Analysts continue to downgrade forecasts for defence firm Chemring (CHG) - taking their cue from the downbeat guidance which accompanied this week's full-year results (18 Jun) - but the market appears happy to look through to an eventual recovery with the shares today up 1.6% at 281.3p.
In fact after an initial fall in response to the numbers on the day, the stock has recovered all the lost ground and year-to-date is ahead more than 20%.
The company - which manufactures decoy flares, detectors for improvised explosive devices and ammunition - is under new management after issuing two profit warnings last year and seeing potential private equity bidder Carlyle walk away.
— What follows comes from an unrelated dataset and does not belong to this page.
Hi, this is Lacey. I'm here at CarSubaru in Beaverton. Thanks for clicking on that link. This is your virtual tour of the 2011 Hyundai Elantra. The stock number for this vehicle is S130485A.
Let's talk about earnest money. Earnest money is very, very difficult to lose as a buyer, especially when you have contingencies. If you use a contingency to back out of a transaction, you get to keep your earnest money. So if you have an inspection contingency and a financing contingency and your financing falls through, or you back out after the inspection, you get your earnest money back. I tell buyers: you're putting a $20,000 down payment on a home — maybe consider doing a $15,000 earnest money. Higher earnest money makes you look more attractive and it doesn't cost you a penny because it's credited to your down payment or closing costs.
It has been badly hit by spending cuts in the US – with almost $60 billion likely to be knocked off the Department of Defense budget this year and combat operations winding down in Afghanistan.
The first job for chief executive officer Mark Papworth, who took the helm in November last year, was to reduce the cost base to an appropriate level. Expected restructuring costs of £15 million should deliver savings of £10 million from next year onwards.
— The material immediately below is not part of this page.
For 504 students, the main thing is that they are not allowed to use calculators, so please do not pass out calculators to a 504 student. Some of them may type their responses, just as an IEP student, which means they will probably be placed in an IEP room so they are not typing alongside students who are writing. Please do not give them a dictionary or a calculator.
Papworth explained to Shares that he is working on a medium-term plan for the business, which could include targeting new markets, having sanctioned this initial action.
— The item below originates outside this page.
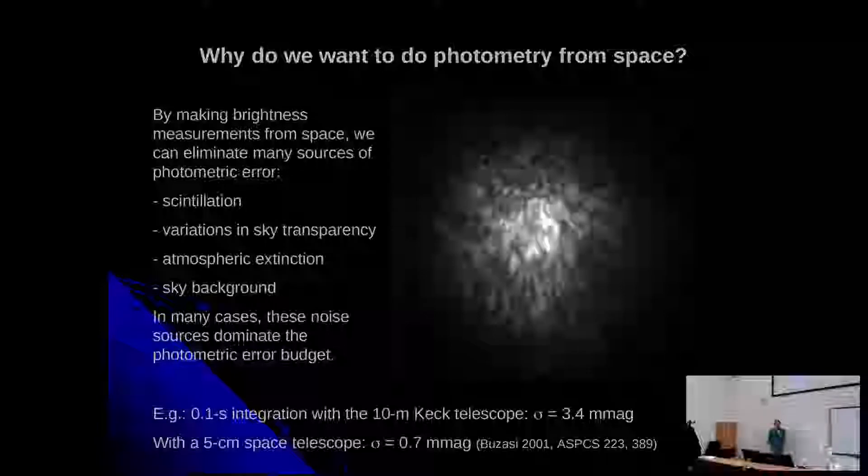For this, you can already imagine we want to observe many, many oscillations — because the more oscillations we see, the more information we get, and the more exactly we can determine what the interior of stars looks like.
For the six months to 30 April, Chemring reported a slump to a pre-tax loss of £8.8 million from a profit of £19.7 million. In the wake of the results broker Liberum Capital, which has a 'hold' recommendation on the stock and a price target of 270p, cut its October 2013 earnings per share (EPS) estimate 7% to 24p and its October 2014 EPS forecast 2% to 26p. Espirito Santo is more bullish on the stock, with a 'buy' recommendation and 360p target price, but today cut its EPS forecasts for the next three years by 7%, 9% and 4% respectively.